El perro ha desenterrado un hueso en nuestro jardín, entre el limonero y la rosa china, y con él un secreto con las raíces más largas que puedan imaginar. No conforme con su pesquisa bajo tierra, al primer hueso le seguirá otro y otro más; así hasta darle forma a un esqueleto humano bien parecido. Lo que aún no encuentra explicación es ese aro atrapado en el puño cerrado del cadáver. Mi mujer propone que matemos al perro. Así se hará.


Techos

¿Alguna vez intentaron ver cómo se ve la vida desde los techos; cómo sobrevive la calle, atravesada por indolentes que nunca llegarán a nada, ni siquiera a sus propias casas? Pregunto esto mientras miro este techo alquilado, casi a punto de estrellarse contra mi cara; es más, esa lágrima que me corre por la mejilla no es una lágrima. Es la cañería rota quien me ofrece su cotidiana lluvia, su agujereado romanticismo en soledad. Abajo, muy abajo, estoy yo.


Ojo por ojo

El voluminoso Hardy rueda por la escalera y cual Romeo improvisado encuentra a su Julieta asomada a una ventana que da a una transitada avenida. Julieta, o como se llame, lo mira con un asombro infantil. Le sonríe, mientras su marido, el Otelo almacenero, le hace la vendetta a un Hardy más naîf que de costumbre. Al instante, la tensión detona en una monumental guerra de tortas. En represalia, el blanco Otelo arroja no menos de diez relojes en la voraz licuadora del Gordo. Por su parte, el flaco Oliver, o su sombra en puntas de pie, hace puntería con una cuchara de madera.

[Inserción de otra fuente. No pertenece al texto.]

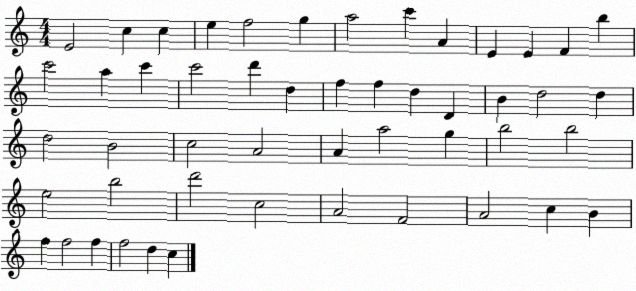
X:1
T:Untitled
M:4/4
L:1/4
K:C
E2 c c e f2 g a2 c' A E E F b c'2 a c' c'2 d' d f f d D B d2 d d2 B2 c2 A2 A a2 g b2 b2 e2 b2 d'2 c2 A2 F2 A2 c B f f2 f f2 d c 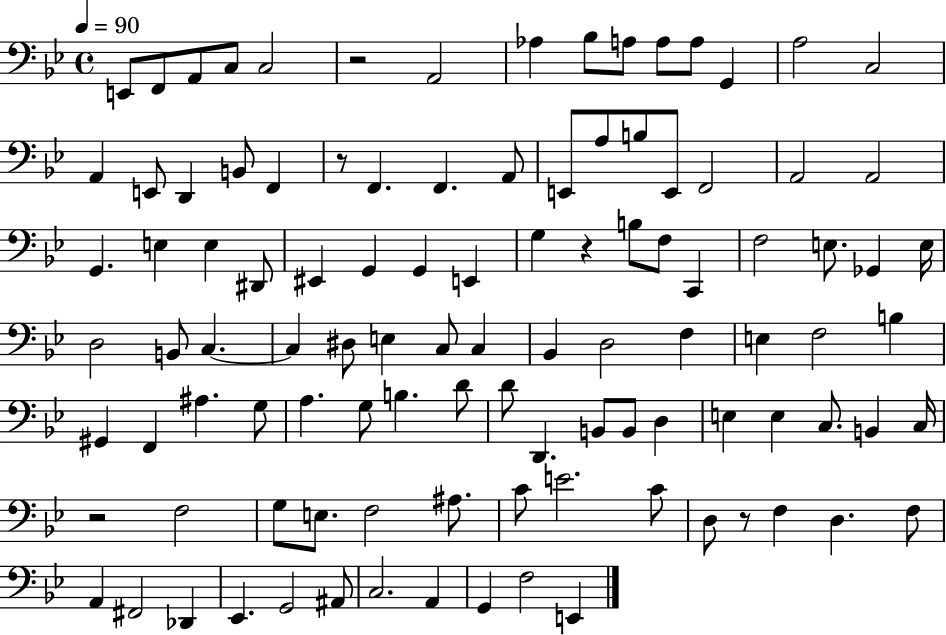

Ojo por ojo, la historia termina con nuestros antihéroes involuntariamente coloreados a base de pasteles y tecnología digital. En blanco y negro era otra cosa, subtitulamos un tanto molestos antes de que el The End nos baje de la pantalla como un lapidario tortazo. Un epitafio de crema.


Canción ajena

Acabo de escuchar Parado afuera de una cabina telefónica rota. La locutora me modula al oído que se trata de una canción de Primitive Radio Gods. Les cuento de qué va. El protagonista tiene el mismo problema que yo: no puede comunicarse. A decir verdad, ambos tampoco tenemos mucho para decir. Los dos nos conformamos con cantar una canción ajena como si fuera nuestra.